Qué bien nos conoces a todos, sabes con quién reír, sabes con quién aguantar las expresiones de amor que se te dan con rudeza, y sabes también, que entre los dos existe un diálogo silencioso, que se da cuando te pones seria, cuando apenas abres tus lindos ojos. Con todas estas tus expresiones complejas, sabes cómo mantener nuestra atención para recibir íntegra la entrega del amor que sin condición te profesamos.
A mí me gusta verte y escucharte reír, señal de que eres feliz con nuestra presencia, pero más me gusta tener ese diálogo silencioso, muy tuyo, muy mío, y que yo gozo con verdadera humildad, porque me haces sentir de nuevo como un niño, que aferrado a tu vestido, temeroso espera que tus maternales brazos me puedan cargar, para calmar mis angustias, para sanar mis heridas, más sé que sigues confiando en mí y de paso me aconsejas para hacer de mi vida algo mejor.
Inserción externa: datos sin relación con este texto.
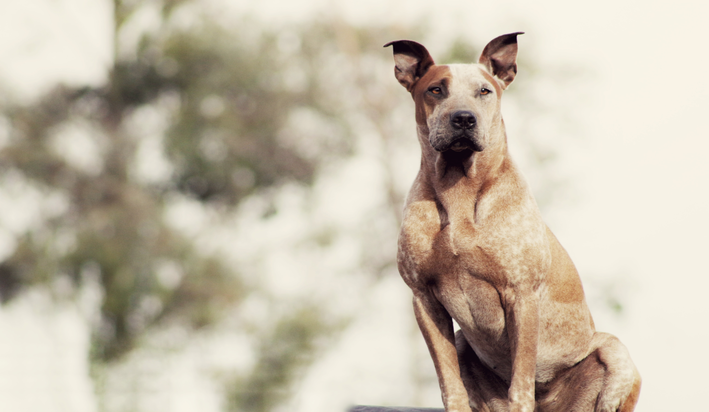 Raça de cachorro gigante: conheça algumas - Blog da Cobasi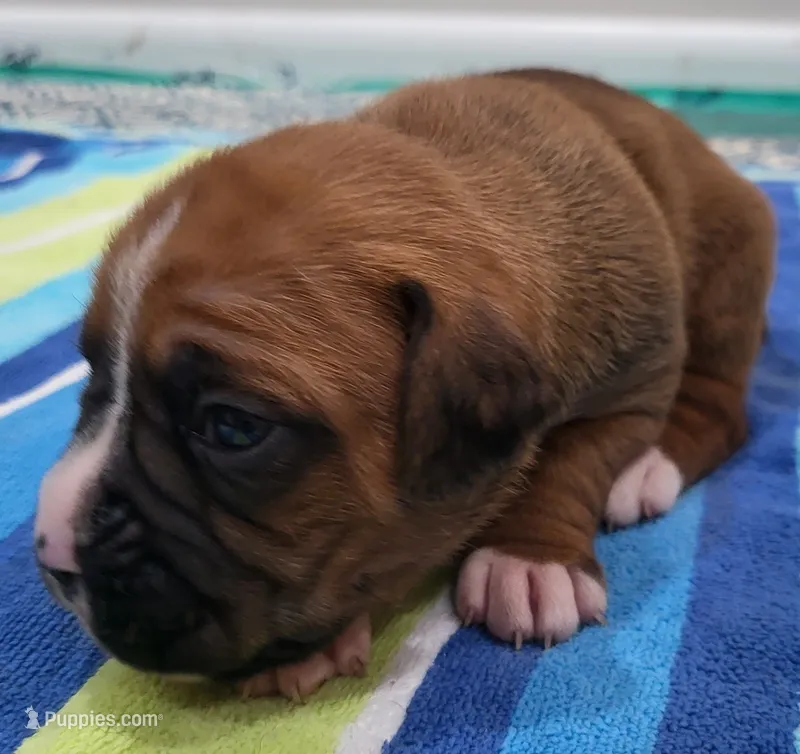 Belle – Boxer puppy for sale in Virginia Beach, VA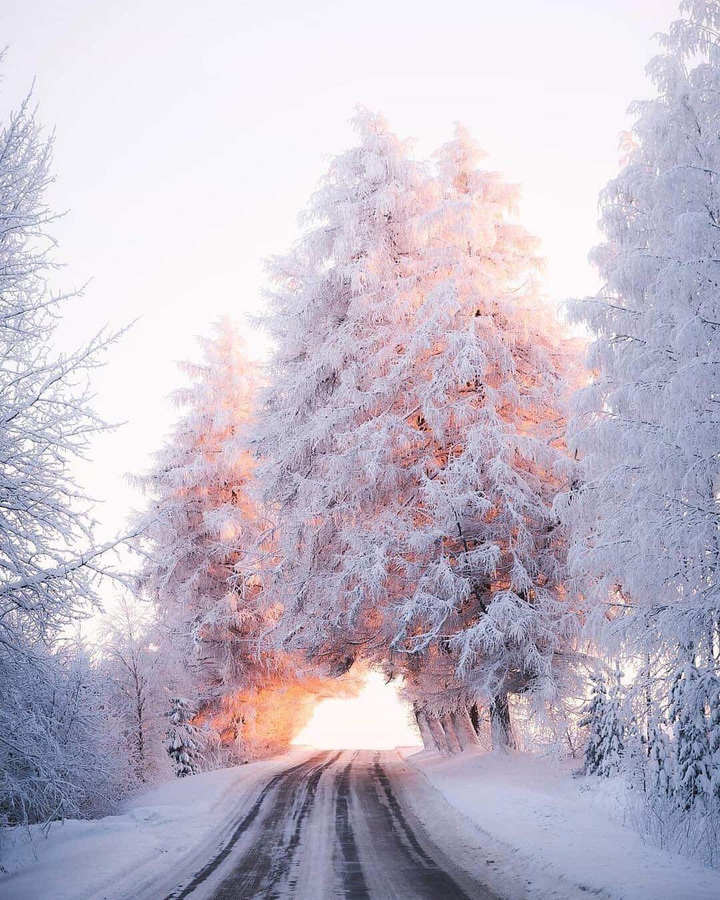 winter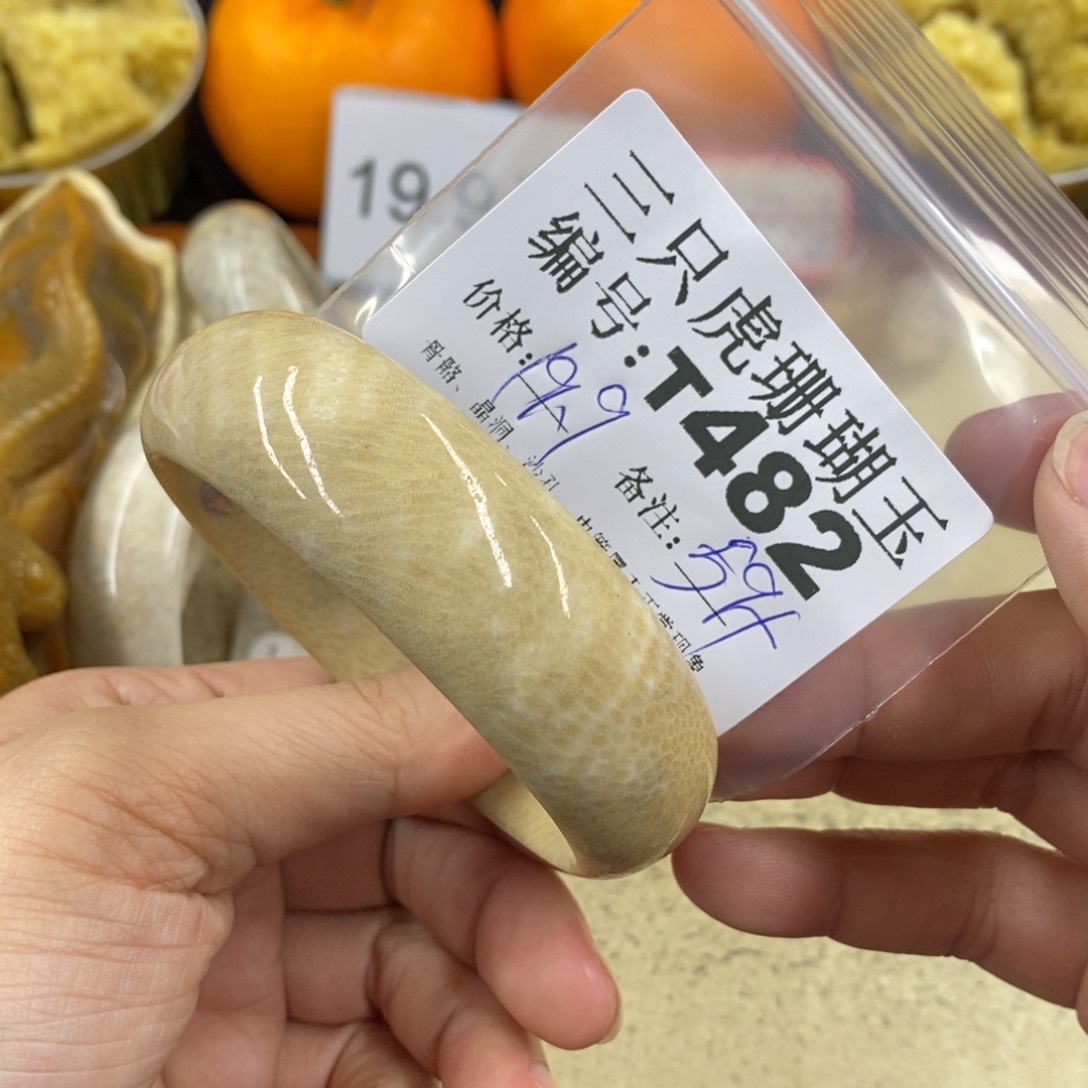 硅化珊瑚（珊瑚玉）1未镶嵌比*丘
Quizá mis hermanos sientan lo mismo que yo, quizá celosos están, de que sea yo quien lo mencione, y tal vez lo intuyan pero no lo comprendan, quizá no sepan que tu espíritu y el mío, son una misma entidad divina creada por Dios, para mantener nuestra unión. Madre, si es así, no se los cuentes, pues no te lo creerían, como no me lo creen a mí; pues habrá muchos árboles viejos, pero ninguno podría tener la madurez para entender que entre tú y yo hay un diálogo silencioso, que nos mantendrá en comunicación efectiva, más allá de la vida.
Madre, hoy acaricio tu hermoso cabello como tú siempre lo hacías conmigo, para decirme con ello cuánto me has amado y tus manos cálidas toco con suavidad y delicado esmero, porque de ellas espero en una caricia tu bendición, con el mismo anhelo que espero la bendición de Dios.